Tasman Island Cruise

This is more "near the bush" rather than in it, but it's outdoors and very spectacular, and affords a view from the sea of a series of well-loved Tasman Peninsula bushwalking locations. We went with Pennicott Wilderness Journeys' Tasman Island Cruises. There are other providers, but these are the folks with the yellow boats, and they operate from the building next to the Port Arthur shop. They also operate a bus service from Hobart, as well as cruises around South Bruny Island. They provided my son with a week's worth of so-called "work" experience a few years ago, during which he spent one day helping in the office, and four days out in the boat, including driving it. He kept texting me while I sat in meetings to tell me how good work was. In true Tasmanian fashion, I also went to Hobart Matric with Rob Pennicott many years ago.

Our boat was crewed by Damo and Damo. They're known as the Damos, and have a well-honed patter. They know a huge amount about the place and spend a great deal of time imparting this to their guests. I have to presume other crews are just as good. A warning, if you are not good on your feet, take the bus from the office to the boat, as the walk down the hill is a decent hike and steep in places.

Apparently each trip is different. They follow a basic plan, but weather, sea conditions, tides and the various birds and animals encountered vary all the time. Our trip was quite calm, but overcast for much of the time. A bright sunny day would have made the photography easier, but the (relatively) smooth sea helped a lot.

Do I recommend it? Absolutely. It costs $110 per person, and you need to book. See their website. The trip lasts 2 1/2 to 3 hours. Ours was almost 3, I think probably because they kept finding things to show us. You will need warm clothes, and I recommend a good beanie. Your camera is your own responsibility. I should think you could get a fair bit of spray on rougher days, but last weekend there was very little. I think next time I might take a GoPro!

These cliffs of sedimentary rock west of Cape Pillar are tilted, and as the boat sped past I got a sensation of racing downhill, which was a little unusual.

They will take you inside sea caves if the sea allows. This one has water 30 feet deep inside, and it is clear enough to see the bottom.

Dolerite cliffs with interesting weathering closer to Cape Pillar.

The Blade at Cape Pillar, this time from sea level.

We were fortunate to end up amongst large flocks of Short-Tailed Shearwaters, Mutton Birds. They were flying about hunting food just above the sea surface. As the boat raced alongside, it seemed as if we were flying with them.

Hunting with the shearwaters were some albatrosses - this is a Bullers Albatross.

Bullers Albatross. Photographing this bloke showed how hard it is to get a decent photo from a moving boat.

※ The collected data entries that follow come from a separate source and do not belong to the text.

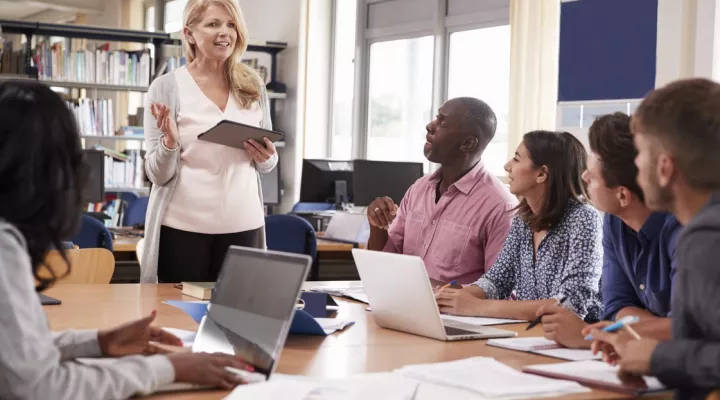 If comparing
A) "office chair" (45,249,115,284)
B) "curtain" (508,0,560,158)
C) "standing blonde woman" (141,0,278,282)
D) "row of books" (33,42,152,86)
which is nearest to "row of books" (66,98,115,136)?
"row of books" (33,42,152,86)

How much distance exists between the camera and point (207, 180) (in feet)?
10.0

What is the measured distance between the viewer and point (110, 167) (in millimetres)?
8016

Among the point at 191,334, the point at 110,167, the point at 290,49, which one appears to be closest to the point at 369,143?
the point at 290,49

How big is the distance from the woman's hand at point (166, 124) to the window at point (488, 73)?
3.91m

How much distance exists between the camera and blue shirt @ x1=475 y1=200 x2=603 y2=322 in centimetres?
246

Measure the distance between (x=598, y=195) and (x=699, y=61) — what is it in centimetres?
270

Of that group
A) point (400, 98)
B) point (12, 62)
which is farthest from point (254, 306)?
point (12, 62)

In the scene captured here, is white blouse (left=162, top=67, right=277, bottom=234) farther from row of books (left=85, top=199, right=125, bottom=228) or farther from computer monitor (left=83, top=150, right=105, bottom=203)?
row of books (left=85, top=199, right=125, bottom=228)

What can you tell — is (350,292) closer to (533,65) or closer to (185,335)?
(185,335)

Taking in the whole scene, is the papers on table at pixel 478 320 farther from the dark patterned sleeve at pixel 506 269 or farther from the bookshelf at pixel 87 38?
the bookshelf at pixel 87 38

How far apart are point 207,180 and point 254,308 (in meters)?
1.47

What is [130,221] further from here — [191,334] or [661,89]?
[661,89]

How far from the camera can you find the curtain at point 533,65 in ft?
18.4

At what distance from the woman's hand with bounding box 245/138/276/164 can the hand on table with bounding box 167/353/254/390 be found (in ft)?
5.08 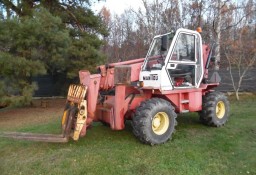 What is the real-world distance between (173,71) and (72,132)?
2627 millimetres

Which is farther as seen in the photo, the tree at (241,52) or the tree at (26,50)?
the tree at (241,52)

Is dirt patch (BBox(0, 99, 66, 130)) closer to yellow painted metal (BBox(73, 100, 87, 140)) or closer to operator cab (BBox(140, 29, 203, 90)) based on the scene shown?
yellow painted metal (BBox(73, 100, 87, 140))

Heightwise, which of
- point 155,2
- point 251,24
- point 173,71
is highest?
point 155,2

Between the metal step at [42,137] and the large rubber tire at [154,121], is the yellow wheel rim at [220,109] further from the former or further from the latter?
the metal step at [42,137]

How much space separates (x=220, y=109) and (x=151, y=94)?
221 centimetres

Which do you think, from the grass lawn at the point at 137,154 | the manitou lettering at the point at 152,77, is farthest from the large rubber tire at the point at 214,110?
the manitou lettering at the point at 152,77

Bullers Albatross and shearwaters.

New Zealand Fur Seal. These are the playful ones, and they appear in small groups at various spots. this one is just lazing about.

Australian Fur Seal - There is a large colony, apparently all male, living on Tasman Island. The boat will spend a while showing these blokes off. I gather the ladies live in Bass Strait.

The bottom of The Chasm, Cape Pillar. This is the gash in the earth around which you edge high above before climbing to the end of the cape.

The Candlestick and Totem Pole at Cape Hauy.

New Zealand Fur Seals near Cape Hauy.

New Zealand Fur Seal near Cape Hauy.

The Candlestick, Totem Pole and Cape Hauy from the north.

Sea Cave in sedimentary rocks between Cape Hauy and Eaglehawk Neck.

Cape Hauy, The Candlestick and The Lanterns from north of Thumbs Point.

Pattersons Arch

A natural waterfall from a wave-cut rock platform.